The storm brought strong winds to Savannah, Georgia, on Wednesday evening as it made its way toward the Carolinas. It was forecast to move near or along the coast of South Carolina through Wednesday night and then just off the coast of North Carolina on Thursday before heading out into the Atlantic Ocean.

Idalia spawned a tornado that briefly touched down in the Charleston, South Carolina, suburb of Goose Creek, the National Weather Service said. The winds sent a car flying and flipped it over, according to authorities and eyewitness video. Two people sustained minor injuries.

Along South Carolina’s coast, North Myrtle Beach, Garden City, and Edisto Island all reported ocean water flowing over sand dunes and spilling onto beachfront streets Wednesday evening.

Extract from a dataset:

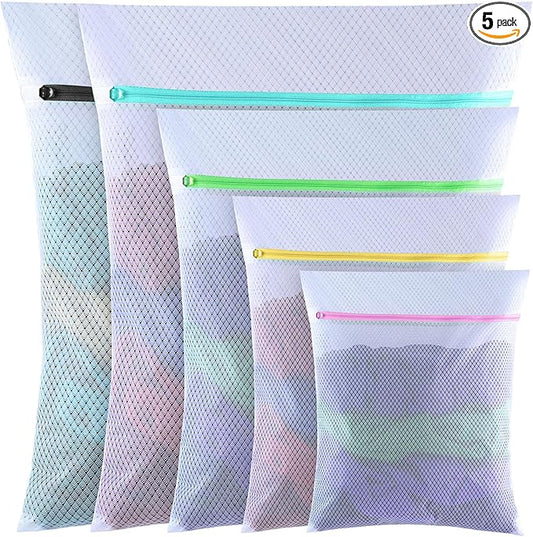 GOGOODA 5 Pack Mesh Laundry Bags, Delicates Washing Bags for Sweater Blouse Hosiery Bras Premium Wash Bags for Travel Storage Organization (5 Set)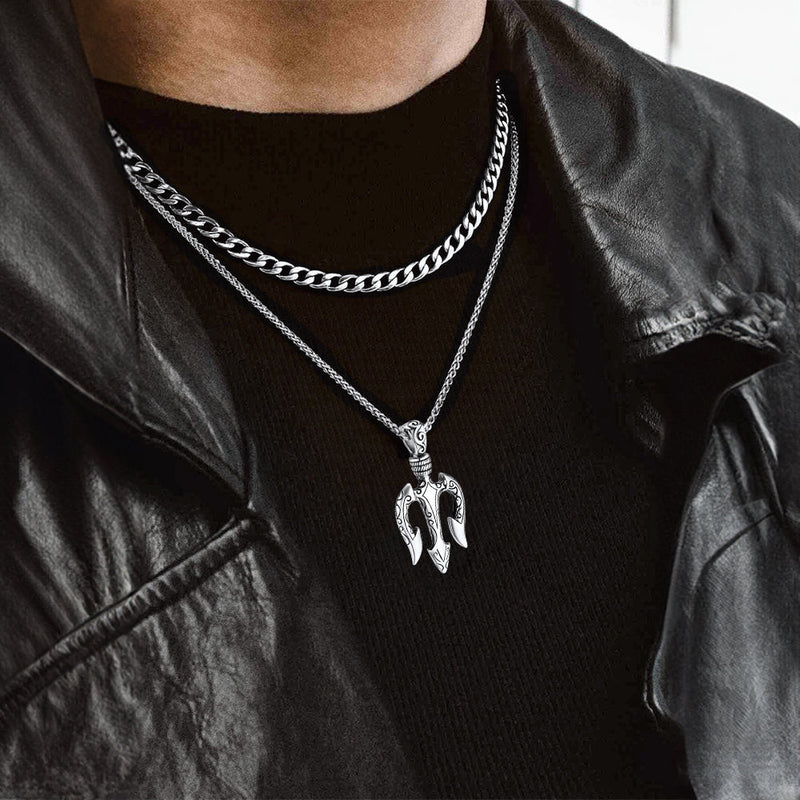 Poseidon Trident & Curb Chain Layered Necklaces Set for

In Charleston, storm surge from Idalia topped the seawall that protects the downtown, sending ankle-deep ocean water into the streets and neighborhoods where horse-drawn carriages pass million-dollar homes and the famous open-air market.

Preliminary data showed the Wednesday evening high tide reached just over 9.2 feet, more than 3 feet above normal and the fifth-highest reading in Charleston Harbor since records were first kept in 1899.

Florida had feared the worst while still recovering from last year’s Hurricane Ian, which hit the heavily populated Fort Myers area, leaving 149 dead in the state. Unlike that storm, Idalia blew into a very lightly inhabited area known as Florida’s “nature coast,” one of the state’s most rural regions that lies far from crowded metropolises or busy tourist areas and features millions of acres of undeveloped land.

That doesn’t mean that it didn’t do major damage. Rushing water covered streets near the coast, unmoored small boats and nearly a half-million customers in Florida and Georgia lost power. In Perry, the wind blew out store windows, tore siding off buildings and overturned a gas station canopy. Heavy rains partially flooded Interstate 275 in Tampa, and wind toppled power lines onto the northbound side of Interstate 75 just south of Valdosta, Georgia.

Less than 20 miles south of where Idalia made landfall, businesses, boat docks and homes in Steinhatchee, Florida, were swallowed up by water surging in from Deadman’s Bay. Police officers blocked traffic into the coastal community of more than 500 residents known for fishing and foresting industries.

State officials, 5,500 National Guard members and rescue crews were in search-and-recovery mode, inspecting bridges, clearing toppled trees and looking for anyone in distress.

Because of the remoteness of the Big Bend area, search teams may need more time to complete their work compared with past hurricanes in more urban areas, said Kevin Guthrie, director of the Florida Department of Emergency Management.

“You may have two houses on a 5-mile road so it’s going to take some time,” Guthrie said.

The National Weather Service in Tallahassee called Idalia “an unprecedented event” because no major hurricanes on record have ever passed through the bay abutting the Big Bend.

On the island of Cedar Key, downed trees and debris blocked roads, and propane tanks exploded.

RJ Wright stayed behind so he could check on elderly neighbors. He hunkered down with friends in a motel and when it was safe, walked outside into chest-high water. It could have been a lot worse for the island, which juts into the Gulf, since it didn’t take a direct hit, he said.

“It got pretty gnarly for a while, but it was nothing compared to some of the other storms,” Wright said.